Friday, 12 June 2020

Iris Publishers_World Journal of Gynecology & Womens Health (WJGWH)

Efficacy in Suppressing Ovulation and Safety of a Low dose Oral Contraceptive in a Continuous Regimen (84+7) With Continuous Ethinyl Estradiol Instead of a Hormone-Free Interval: An Evaluation of Ovulation Suppression and Ovarian Activity


Abstract

Background: This study aimed to evaluate the efficacy of a low dose oral contraceptive in a continuous regimen (84+7) with continuous ethinyl estradiol (EE) instead of a hormone-free interval (HFI) (84 tablets containing 100 mcg levonorgestrel (LNG) + 20 mcg EE, and 7 tablets containing 10 mcg EE; MODELLE® LIBERA, Teva) in suppression of ovulation and ovarian activity.
Methods: A multicenter, open-label, single-treatment, Phase 3 study that evaluated 52 healthy non-pregnant females aged 18 through 35 years, of whom 47 (90%) participants completed the entire 91-day treatment. Evaluation of the efficacy of the formulation in suppressing ovulation was achieved by performing transvaginal ultrasound examinations and determining the serum concentrations of follicle-stimulating hormone (FSH), luteinizing hormone (LH), estradiol, and progesterone.
Results: Overall, 88% of the participants presented with a lack of ovarian activity during all three 28-day intervals corresponding to a standard cycle. Ovarian suppression was reported in 99% of all cycles.

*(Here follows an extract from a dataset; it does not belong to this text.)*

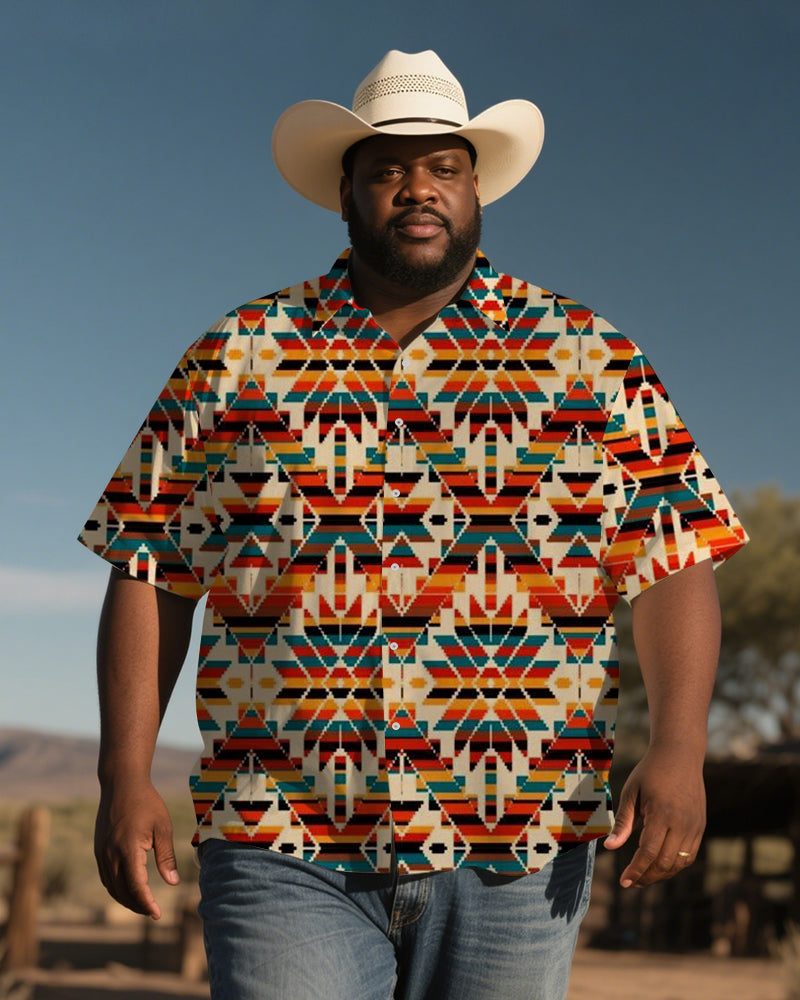 Big & Tall Western Graphic Short Sleeve Shirt for big men view 1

The serum levels of sex hormones corresponded to the predicted values with allowance for the relevant extended mode of administration of the combined oral contraceptives (COCs). During the post-therapeutic follow-up visit, the restoration of ovulation on the post-therapeutic follow-up visit (the 20th week of the study) was reported in 45 females (87%, 95% binomial CI: 74.2%, 94.4%), 13% did not return to ovulation.
Conclusions: The efficacy of the study drug in suppressing ovulation was confirmed by the absence of ovarian activity reported in the majority of the participants over the 91-day course of treatment. Ovarian activity was detected in 2 participants (grade 4 according to the Hoogland and Skouby scale, luteinized unruptured follicle), and in each, the relevant activity was observed during the 3rd interval within the 91-day cycle during the 7-day period when only low doses of EE were administered. The underlying basis of the ovarian activity observed during the 7-day EE-only period has not been fully elucidated. The results of the study demonstrate that a low dose oral contraceptive in a continuous regimen (84+7) with continuous EE instead of a hormone-free interval is safe and can be an additional contraceptive option for healthy women seeking decreased menstrual bleeding.
Trial registration: Grls.rosminzdrav.ru (RCT №37 (28.01.2014).
Keywords: Continuous regimen; Oral contraception; Low dose; Hormone-free interval; Modelle ® Libera; LoSeasonique

Introduction

Combined oral contraceptives are effective and one of the most popular methods of contraception. Since their appearance, these medications composition and regimen have undergone changes. The traditional regimens simulate a 28-day menstrual cycle. However 91-day prolonged regimens without hormonal free intervals have already been developed. This prolonged regimen allows to decrease the frequency of menstrual-like scheduled bleeding episodes and can meet women’s social and cultural reasons.
In this study, the efficacy in suppressing ovulation and safety of low dose oral contraceptive in a continuous regimen without hormonal free intervals were evaluated. The efficacy was evaluated with the help of ultrasound examinations of the ovaries and the serum concentrations of sex hormones measurements: follicle-stimulating hormone, luteinizing hormone, estradiol, and progesterone.
52 healthy non-pregnant women have participated in the study. Suppression of ovarian function and, consequently, the effectiveness of contraceptives was observed in 99% of all cycles. No pregnancies were detected during the treatment period. The safety profile was also within the expected values. Ovarian function restoration was recorded in 87% of participants on the 20th week of the study during the follow-up period.
In conclusion, these results have demonstrated that the low dose combined oral contraceptives in a continuous regimen are effective and safe for healthy women.

Introduction

COCs are the most used reversible method of birth control and have remained the most popular form of contraception for decades, despite the introduction of other methods of contraception such as parenteral methods [1]. Approximately 9% of women globally aged 15 to 49 years prefer COCs over other methods of contraception, and this figure reaches 18% in developed countries [2], while the frequency of use of modern contraceptive methods in developed countries is generally higher. Over the years, the composition of COCs has undergone significant changes: the dose of the estrogen component has been significantly reduced, and new progestogens have been developed and included. The current practice includes administration of multiphase drugs and extended administration regimens with shorter hormone-free intervals (24/4) [1,3-6] in order to increase the efficacy, safety, and acceptability of COCs [7- 11].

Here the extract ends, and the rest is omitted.